I'm working on my homework for Prolog (SWI) but can't figure out how to get this done:
I have the functor:
palindrome([]).
palindrome([_]).
palindrome([A|T]) :-
append(Middle,[A],T),
palindrome(Middle).
which tells if a given list is a palindrome.
For my homework I have to write a functor palindrome/2 without append/3 and with difference lists.
I know a difference list is a form of [Y|X]-X, but I don't understand how to use this and how this can replace the append functor.

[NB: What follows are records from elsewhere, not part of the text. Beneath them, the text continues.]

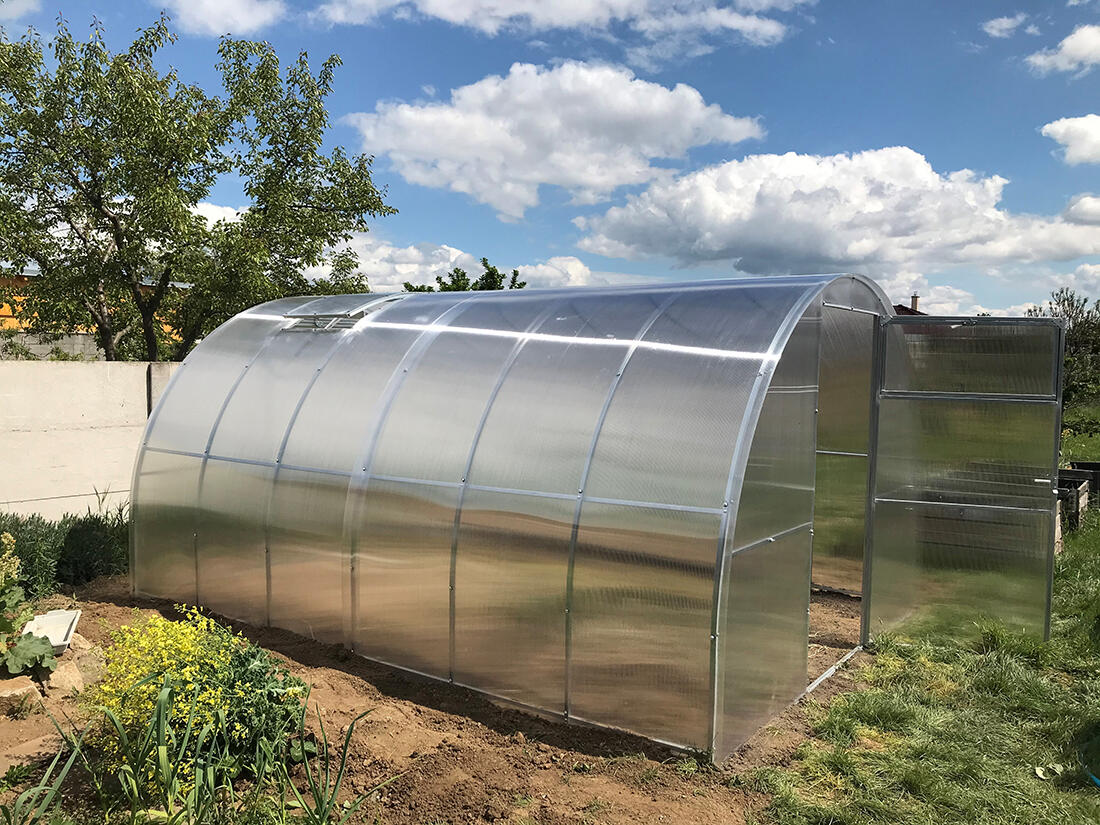 skleník zahr.PLUS 6x3m oblouk, polykarbonát 59 Kg MTA MAXMIX Sklad14 794904
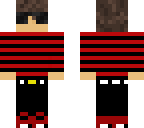 guy wearing red and black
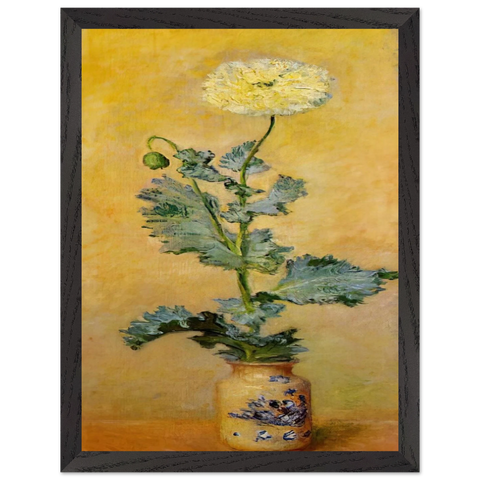 White Poppy by Claude Monet — Framed art print at Zephyeer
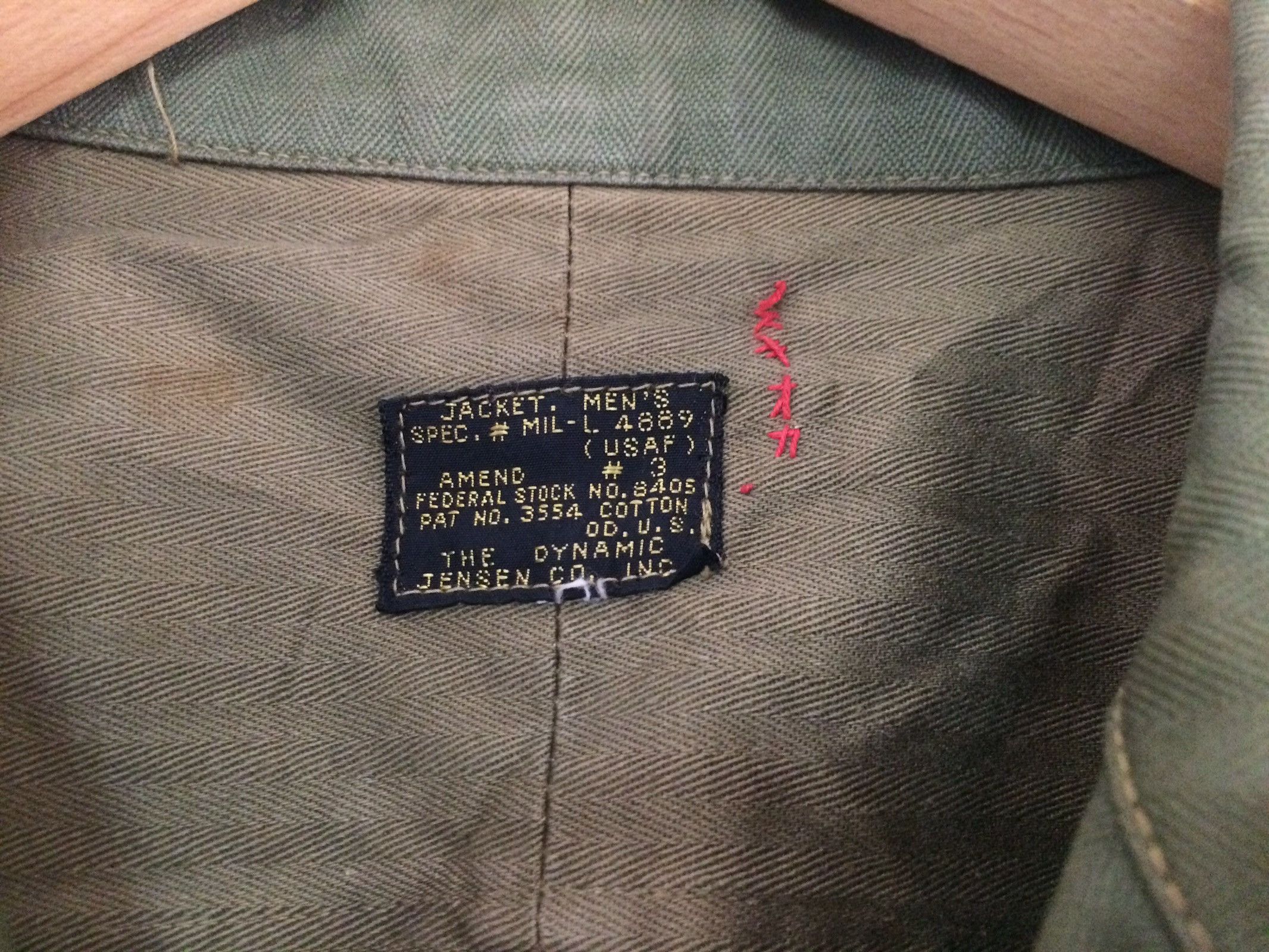 Vintage 🔥🔥Vintage USAF Military Army Jacket Size US L / EU 52-54 / 3 - 3 Thumbnail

Can somebody please explain this to me?
For a given list of length n, your solution needs some O(n2) inferences: n (actually n/2) for palindrome/1 and i for each append/3 which simply searches and compares the end.
The most straight forward way to reformulate your definition uses grammars (DCGs) that are a convenient way to use difference-lists. Note that each grammar rule corresponds to a clause in your program.
palindrome -->
[].
palindrome -->
[_].
palindrome -->
[A],
palindrome,
[A].
palindrome(T) :-
phrase(palindrome,T).
For convenience, here is the same grammar written more compactly:
palindrome --> [] | [_] | [A], palindrome, [A].
Now, how are these grammar rules implemented? The easiest way is to look at the actual definition with listing(palindrome).
?- listing(palindrome).
palindrome(A, A).
palindrome([_|A], A).
palindrome([C|A], D) :-
palindrome(A, B),
B=[C|D].
So this is now your definition using difference-lists.